◆ **HOW TO COMPLETE THIS TASK**
Look below for the line containing "Twage B9 Global"; from there through the line containing "Goud en Glitter", both lines included, please set down each line exactly and nothing else.

◆ **RECORDS PROVIDED**
━━━
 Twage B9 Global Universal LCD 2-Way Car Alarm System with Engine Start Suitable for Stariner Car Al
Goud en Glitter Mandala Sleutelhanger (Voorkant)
━━━
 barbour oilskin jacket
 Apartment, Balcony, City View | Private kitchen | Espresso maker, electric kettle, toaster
━━━
◆ **RESULT OF THE TASK**
 Twage B9 Global Universal LCD 2-Way Car Alarm System with Engine Start Suitable for Stariner Car Al
Goud en Glitter Mandala Sleutelhanger (Voorkant)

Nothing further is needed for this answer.